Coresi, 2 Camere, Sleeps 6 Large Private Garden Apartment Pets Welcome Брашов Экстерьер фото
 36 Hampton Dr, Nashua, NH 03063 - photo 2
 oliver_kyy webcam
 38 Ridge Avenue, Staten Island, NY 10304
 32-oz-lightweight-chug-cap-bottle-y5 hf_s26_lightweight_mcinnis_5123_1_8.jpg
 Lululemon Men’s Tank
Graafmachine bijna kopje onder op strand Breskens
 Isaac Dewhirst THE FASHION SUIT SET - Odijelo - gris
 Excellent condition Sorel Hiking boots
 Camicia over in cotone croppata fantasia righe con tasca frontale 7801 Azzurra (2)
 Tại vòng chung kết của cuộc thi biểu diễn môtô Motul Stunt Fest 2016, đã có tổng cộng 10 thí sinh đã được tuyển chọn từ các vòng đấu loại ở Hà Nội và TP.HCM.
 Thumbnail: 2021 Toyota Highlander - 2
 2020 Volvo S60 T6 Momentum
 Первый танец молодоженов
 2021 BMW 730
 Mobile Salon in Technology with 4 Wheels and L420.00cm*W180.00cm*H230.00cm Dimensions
----
*EXERCISE*
Return every line from the one holding "Graafmachine bijna kopje" through the end of the data, exactly as it appears, with both ends kept and nothing else.

*ANSWER TO THIS PROBLEM*
Graafmachine bijna kopje onder op strand Breskens
 Isaac Dewhirst THE FASHION SUIT SET - Odijelo - gris
 Excellent condition Sorel Hiking boots
 Camicia over in cotone croppata fantasia righe con tasca frontale 7801 Azzurra (2)
 Tại vòng chung kết của cuộc thi biểu diễn môtô Motul Stunt Fest 2016, đã có tổng cộng 10 thí sinh đã được tuyển chọn từ các vòng đấu loại ở Hà Nội và TP.HCM.
 Thumbnail: 2021 Toyota Highlander - 2
 2020 Volvo S60 T6 Momentum
 Первый танец молодоженов
 2021 BMW 730
 Mobile Salon in Technology with 4 Wheels and L420.00cm*W180.00cm*H230.00cm Dimensions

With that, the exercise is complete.